DATA SECTION:
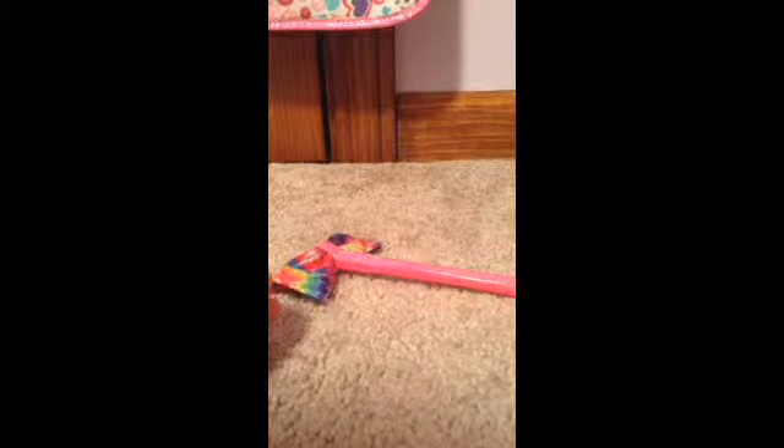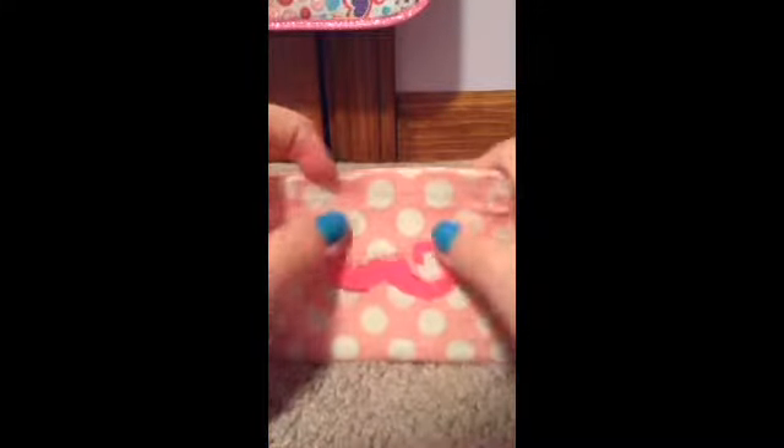I made two coin pouches. One was supposed to look like a present — it doesn't really look like a present now — but it's white, pink, and then white on the inside. And all of these are double-bar ziplocs. And then I made another coin pouch that's pink and white polka dots, and pink on the inside.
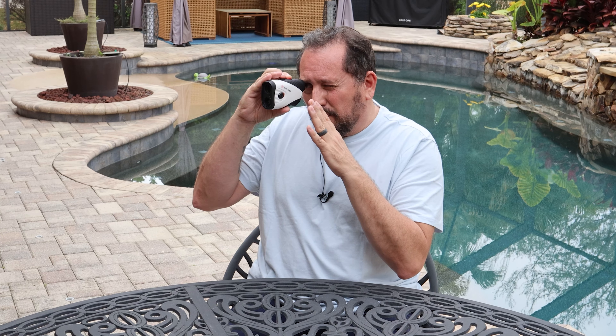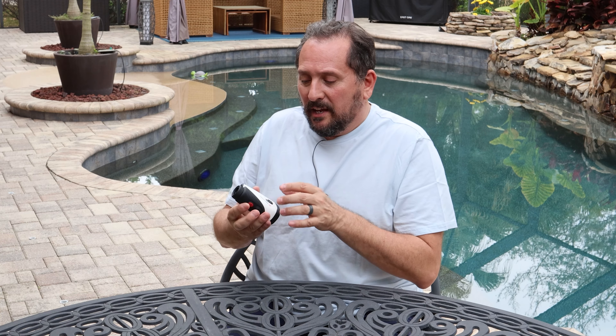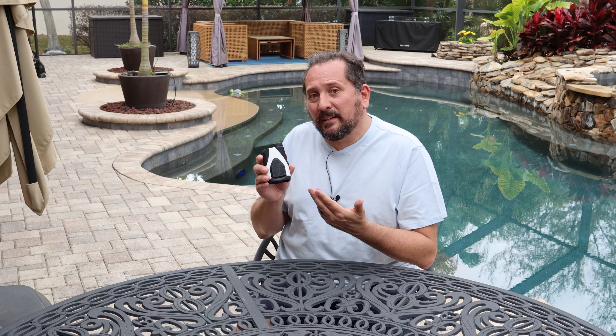A couple things in case I don't make it back that I want to tell you about. It has six different modes in terms of how you want to set it up for checking the rangefinder. You just simply look through it, hit the button, and it brings up your laser — so cool when you look through it. It mounts up with a magnetic mount so you can just attach it to your golf clubs.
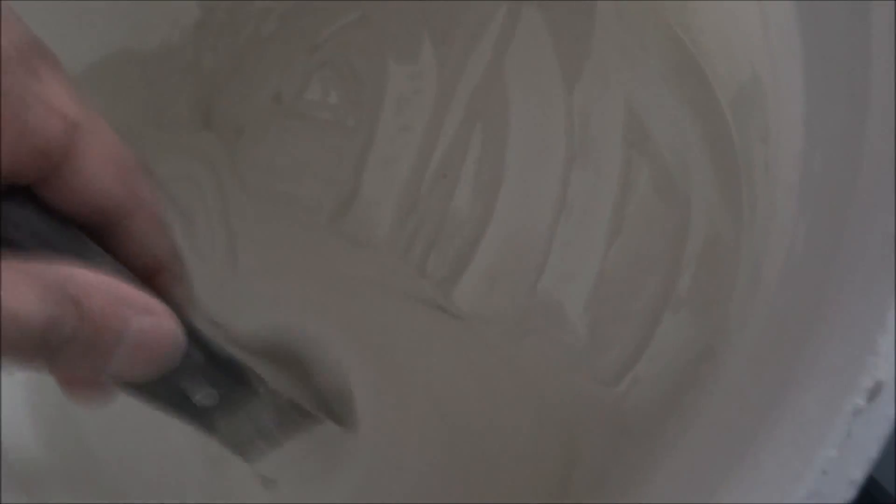I've mixed some grout up. I read somewhere that if you're using this, you should mix it to like a yogurty sort of consistency — so not too watered down. Let me use the tool.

PROBLEM REQUIREMENTS: What is needed is an exact copy of the lines from the one with "A couple things" through the end of the data above, both included, minus any pictures.

YOUR RESPONSE:
A couple things in case I don't make it back that I want to tell you about. It has six different modes in terms of how you want to set it up for checking the rangefinder. You just simply look through it, hit the button, and it brings up your laser — so cool when you look through it. It mounts up with a magnetic mount so you can just attach it to your golf clubs.
I've mixed some grout up. I read somewhere that if you're using this, you should mix it to like a yogurty sort of consistency — so not too watered down. Let me use the tool.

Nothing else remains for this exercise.